Using realistic conversation contexts to better estimate undesired model behavior before release.
Before releasing a new model, labs need to understand not just what it can do, but how it is likely to behave in real-world use, including where it might introduce new risks. This becomes even more important as capabilities increase. As part of our pre-deployment safety review, we leverage targeted evaluations, red-teaming, and other checks to understand model behavior. We’ve now started using a method for simulating model deployments before they happen, which adds a complementary signal: a deployment-like preview of how a candidate model may behave before it reaches users.
Deployment Simulation is a method for simulating a future deployment before it happens. We do so by replaying previous conversations in a privacy-preserving manner with a new candidate model. This enables us to study how the new model responds in realistic contexts before release, including whether new undesired behaviors emerge and how often they may appear.
Across multiple GPT‑5‑series Thinking deployments, Deployment Simulation improved our estimates of undesired model behavior rates, helped surface novel forms of misalignment before release, and helped reduce the risk that models would be able to tell they were being tested. We also applied the method to challenging agentic rollouts, showing that it can extend beyond standard chat to more complex agent settings involving tool use, and can also be used for risk assessment before internal model deployments.

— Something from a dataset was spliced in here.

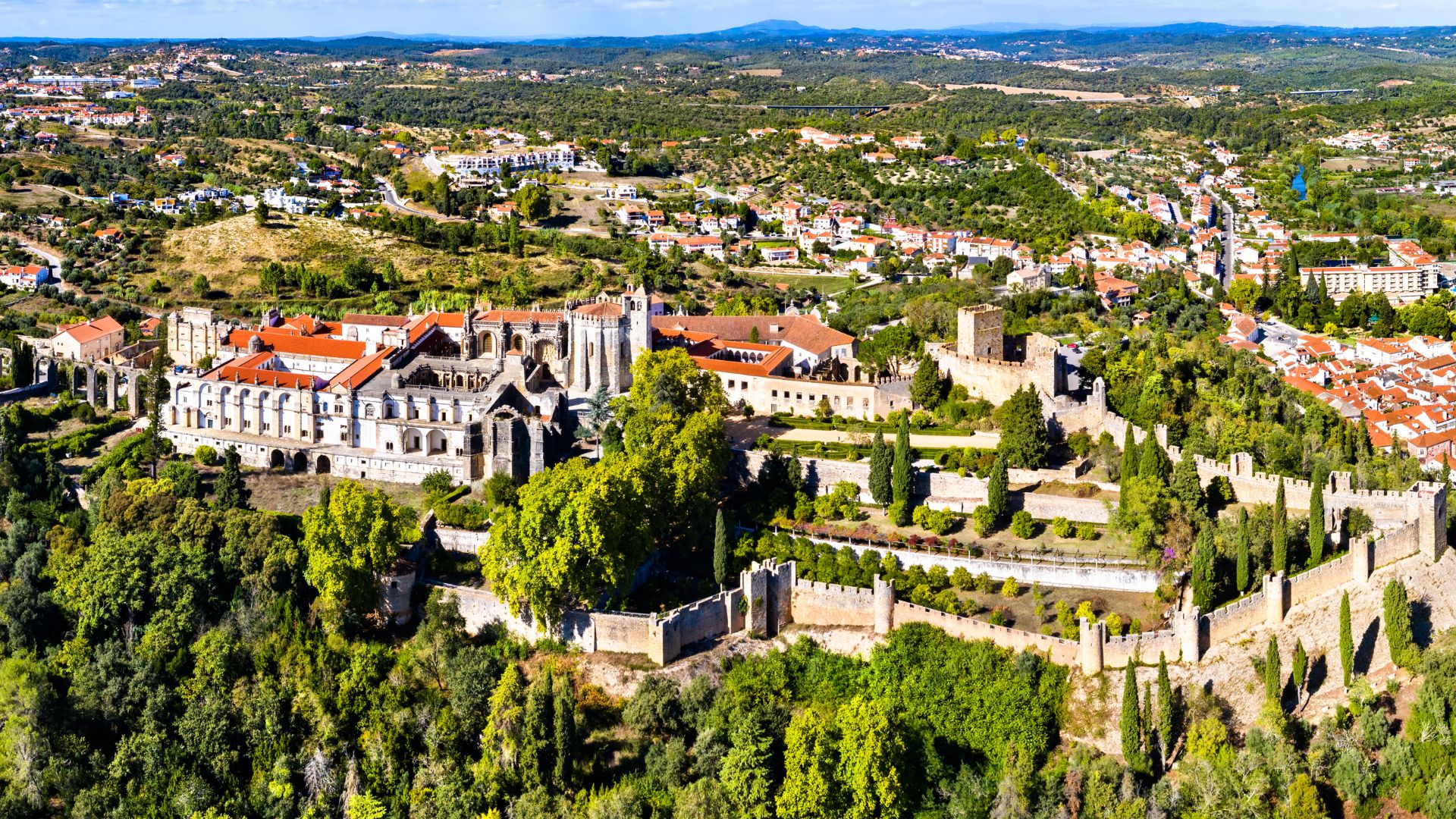 An aerial view showcases the sprawling Convent of Christ and the adjacent Castle of the Knights Templar, a UNESCO World Heritage site, situated atop a hill overlooking the town of Tomar in central Portugal, surrounded by lush greenery and a distant cityscape under a clear sky.An aerial view showcases the sprawling Convent of Christ and the adjacent Castle of the Knights Templar, a UNESCO World Heritage site, situated atop a hill overlooking the town of Tomar in central Portugal, surrounded by lush greenery and a distant cityscape under a clear sky.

We have already used insights from Deployment Simulation during model development to identify blind spots in traditional evaluations and inform mitigations and deployment decisions. As we make the pipeline easier to run, we expect it to play a larger role in the future model development process.
Pre-deployment evaluations used across the industry generally consist of a mix of synthetic, manually written, or production prompts intentionally selected to be difficult, high severity, or adversarial. These evaluations have generally had two intertwined goals: assessing how the model responds when stress-tested in situations that have a very small chance of occurring in deployment traffic, and gaining a general understanding of undesired model behaviors, including finding novel undesired behaviors and predicting their deployment-time frequencies.